In an apparent attempt to find some protection for her speech, which clearly fell within her job duties, the plaintiff argued that Article First, Section 4 of the Connecticut Constitution afforded her greater rights than the U.S. Constitution such that her speech was protected even though it occurred within her job duties. Her argument was that the Connecticut Supreme Court had previously found that Article First was broader than the First Amendment in different contexts, and that the same rationale should apply to her case.

In addressing this argument, Judge Schuman reviewed the history of Article First, Section 4 and found that there was no indication that the framers contemplated freedom of speech in employment. The judge also looked to decisions in other states, and found that all decisions that had addressed the issue had applied Garcetti under their own constitutions.

Finally, Judge Schuman noted the policy considerations behind Garcetti, and found that it would be incongruous to grant private employees greater rights than public employees by accepting the plaintiff's arguments under the Connecticut Constitution. Judge Schuman thus concluded that the "speech of an employee pursuant to his official job duties is no more a matter of state constitutional dimension than it is under the federal Constitution."

The Cabrera decision provides some level of predictability with regard to employee speech in the workplace. However, despite the discretion afforded to employers to address employee speech, employers should use caution in doing so.

A factual question often exists as to whether the employee is actually speaking as a part of his or her official job duties, or is speaking as a citizen on a matter of public concern. For example, if an employee reports a safety violation at work, the question is whether the employee's job required such a report or whether the employee was motivated by a broader desire to address an unsafe condition. The answer to this question is not necessarily clear in all situations, and employers will need to look at the employees' duties carefully in order to avoid infringing upon free speech rights.
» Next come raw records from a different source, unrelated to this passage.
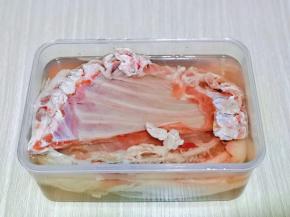 首先将羊排用冷水浸泡，反复的泡，水浑浊了就换水，这样可以起到去腥的作用。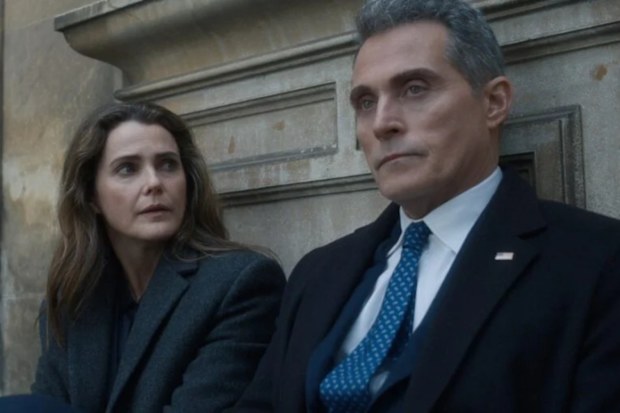 Keri Russell and Rufus Sewell in The Diplomat Season 4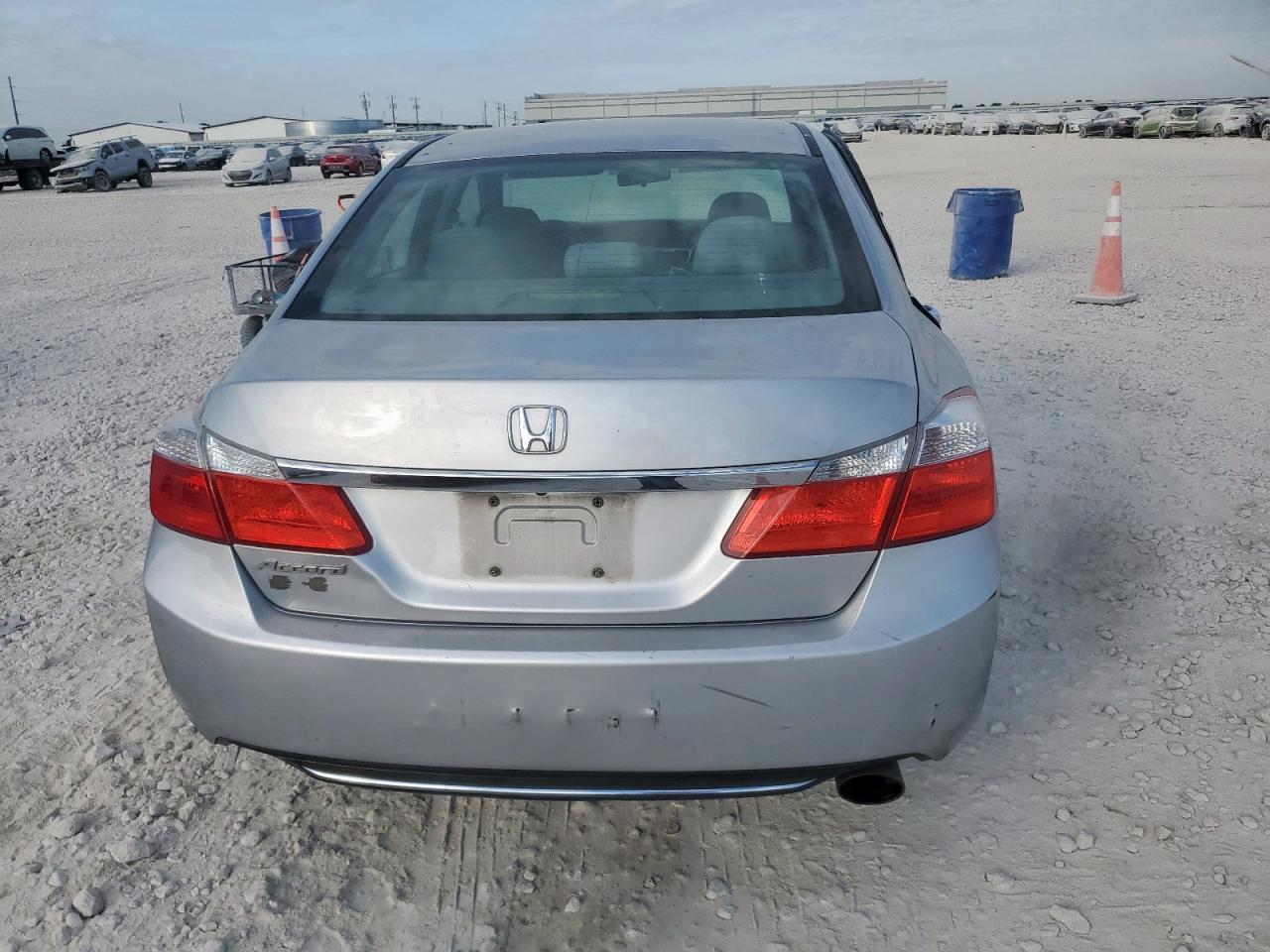 2013 Honda Accord Lx VIN: 1HGCR2F34DA165065 Lot: 82306165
In addition, even if the Garcetti/Schumann rule applies such that the speech is not protected, employees have no lack of other protections for their speech. For example, several whistleblower statutes could apply, or the speech may be considered to be concerted protected activity that is protected under state or federal labor laws. Therefore, employers should be careful when making employment decisions based on the speech of employees and fully consider all of the potential protections that might apply.

As a final note, the Cabrera case has not necessarily resolved this question. Prior to Cabrera, one federal court suggested the opposite conclusion in Ozols v. Town of Madison, Docket No. 3:11-CV-01324 (D. Conn. Aug. 20, 2012). Although Judge Schuman found that this decision unpersuasive, it is apparent that different judges have different views on the issue. In addition, the Cabrera analysis may be nullified through legislative action. Raised Bill No. 6667 is currently pending, and would add the following sentence to C.G.S. §??31-51q: "It shall not be a defense to an action filed under this section that such activity by an employee was within the scope of the employee's employment." Like so many other legislative reactions to court decisions, this bill is clearly an attempt to undo reasoned legal analyses to reach a desired end result.